*TASK OBJECTIVE*
Omit the pictures and return exactly the stretch of the material below from the line with "Мужское худи с" through the line with "Manjistha Licorice Cold Process Soap".

*AVAILABLE DATA*
····················
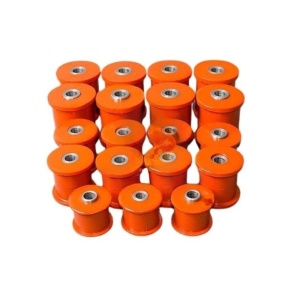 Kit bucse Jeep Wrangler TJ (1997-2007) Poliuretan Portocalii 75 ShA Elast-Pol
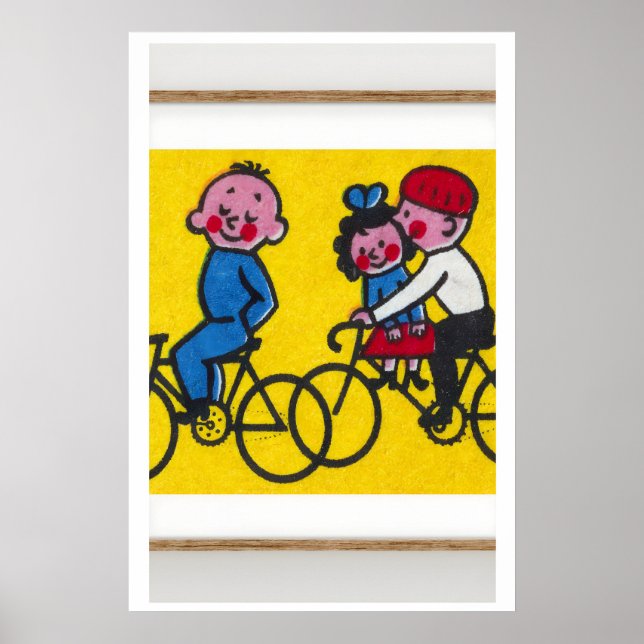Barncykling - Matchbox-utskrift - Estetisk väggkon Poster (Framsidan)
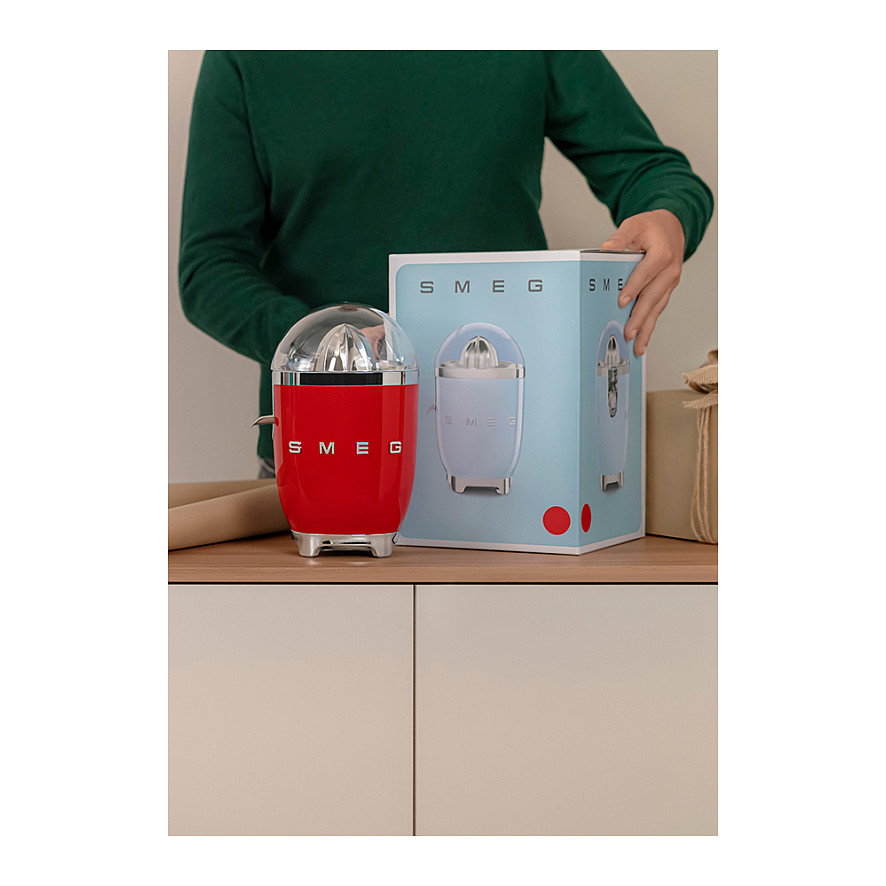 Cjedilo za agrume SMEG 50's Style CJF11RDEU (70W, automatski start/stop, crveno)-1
····················
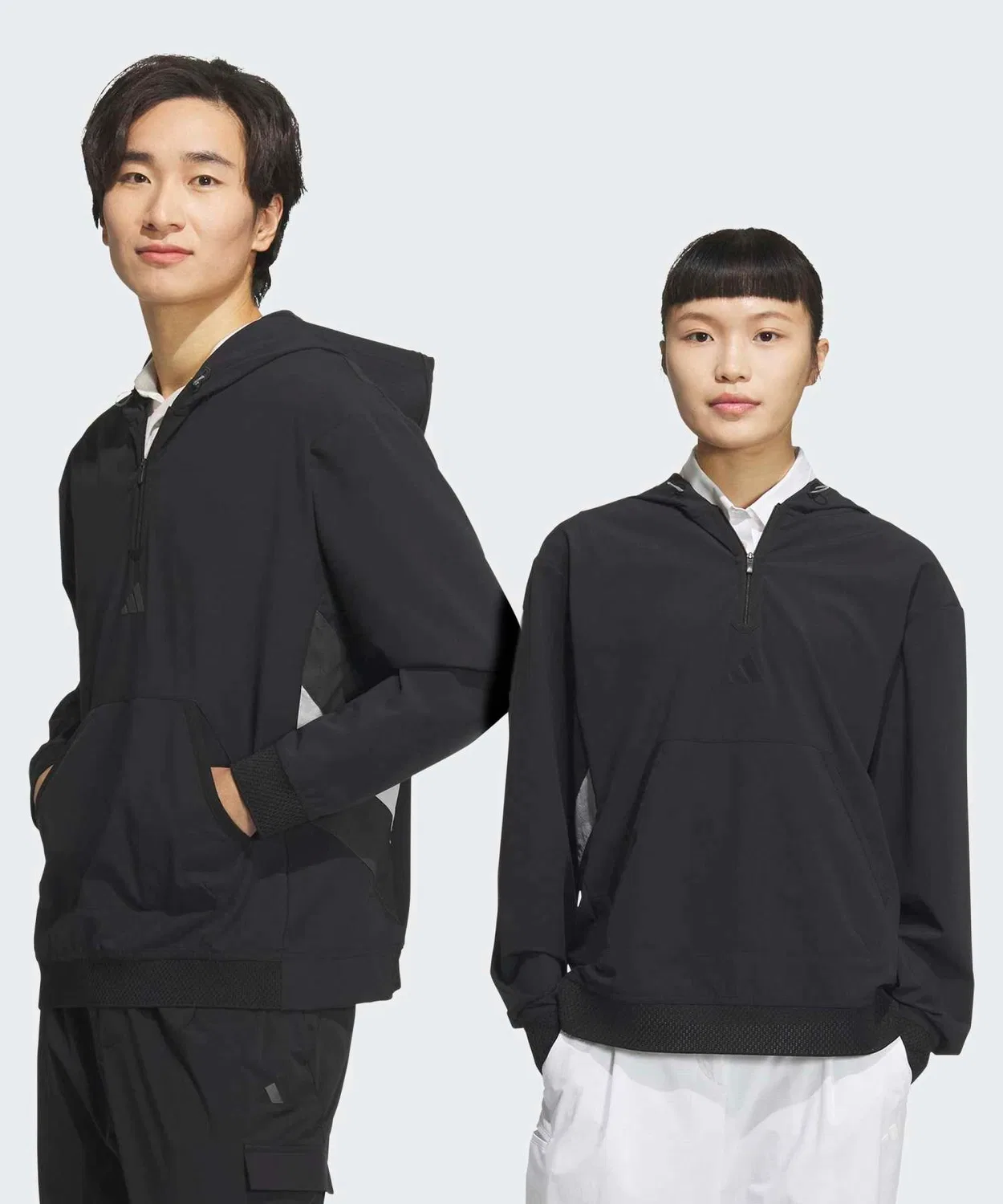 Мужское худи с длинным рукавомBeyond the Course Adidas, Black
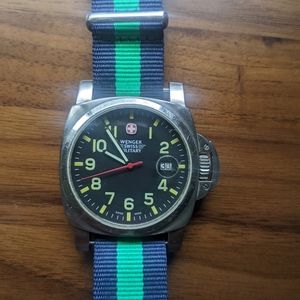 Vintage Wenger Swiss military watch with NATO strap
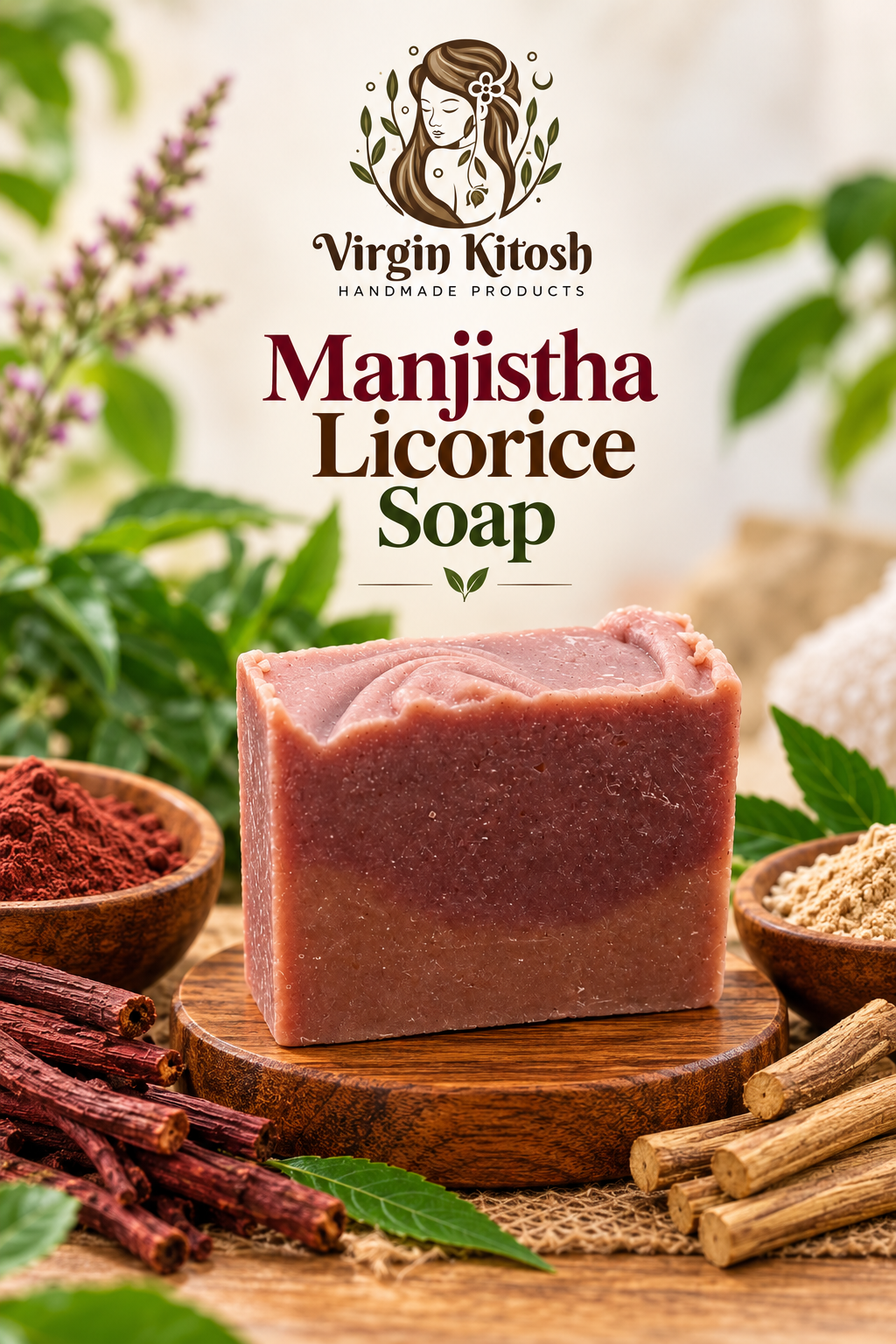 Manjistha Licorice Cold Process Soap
····················
*RESPONSE TO THIS EXERCISE*
 Мужское худи с длинным рукавомBeyond the Course Adidas, Black
 Vintage Wenger Swiss military watch with NATO strap
 Manjistha Licorice Cold Process Soap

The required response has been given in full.